Naturally, you could use this level of separation to run a full Linux user space system, including your average set of tools, such as a syslog server, a webserver, etc. This is what LXC does, for example.
Note that some software does require exclusive hardware control and cannot be separated out, so you will have trouble running:
- systemd (the init system)
- a full graphical environment on your video card
However, running a full Linux environment for every container is a bit wasteful, since most programs started in a container tend to be rather self-contained and don’t require a great deal of tooling. So instead the world has moved in the direction of Docker, where you would build a minimal Linux environment and start only the program you intend to run as your init program.
However, if you want to run more than one program inside a container, you need to be careful since your init program then needs to fulfill the obligations outlined above.
Danger: shell scripts are tricky to get right as init programs. Instead, you should use something like supervisord if you need to run multiple applications in your container. The rkt container runtime has a workaround for this, but it’s not without its drawbacks.
In all cases, your program must handle signals correctly. (So it must stop if it receives a
SIGTERM, for example.)
Danger: if your programs does not handle signals correctly, it will be killed without the ability to shut down properly when the container is stopped.
Docker on other systems
So far we have only talked about containers running on Linux systems. Docker, however, supports other systems like Windows or MacOS as well. On these systems you don’t get the benefit of having a shared Linux kernel, instead every container is run on a full virtualization environment (HyperV, VirtualBox). This also means that some features are not available.
Building a container
Now that we know how the Linux system works, how do we build a container?

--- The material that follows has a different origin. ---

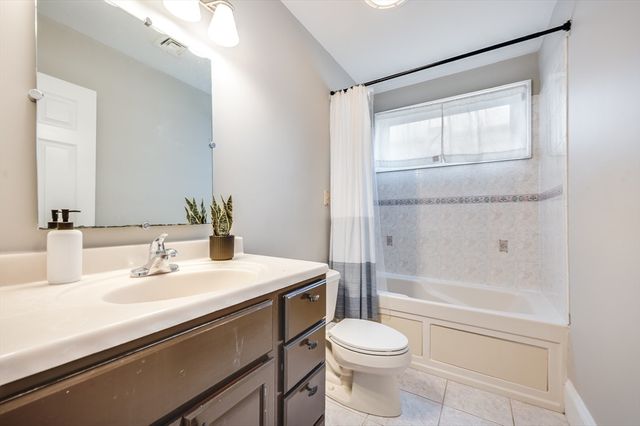 1520 Columbia Rd 2, Boston, MA 02127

First of all, we need a working Linux userspace. This will include some system libraries and possibly some tools. A very minimalistic environment could be achieved by using a chroot building toolkit that analyzes the library dependencies and puts everything into a folder.
We can then pack this folder into a .tar.gz achive, write an OCI-compliant container configuration file for it and
simply run it using
rkt. In other words, you could simply take an average Linux machine, copy everything
into a compressed archive, add a config file and run it in a container.

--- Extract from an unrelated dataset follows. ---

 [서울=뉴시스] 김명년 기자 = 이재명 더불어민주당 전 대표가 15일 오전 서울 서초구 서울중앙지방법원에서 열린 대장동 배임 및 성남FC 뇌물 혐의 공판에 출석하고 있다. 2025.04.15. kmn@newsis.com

Note that this way of creating containers is not self-documenting, and not really replicable, so you shouldn’t do that. Instead, Docker gives us a much more advanced set of tools, where we can describe in a script how our container should be built. This not only gives us the option to test our build process, but also documents it at the same time.
However, that is the topic of our next article. Until then, stay tuned.
Recommended exercise: to better understand how Linux works, I would recommend installing a Gentoo Linux from the minimal CD/DVD. Since everything has to be done and compiled manually, it gives you a great insight into how Linux works under the hood.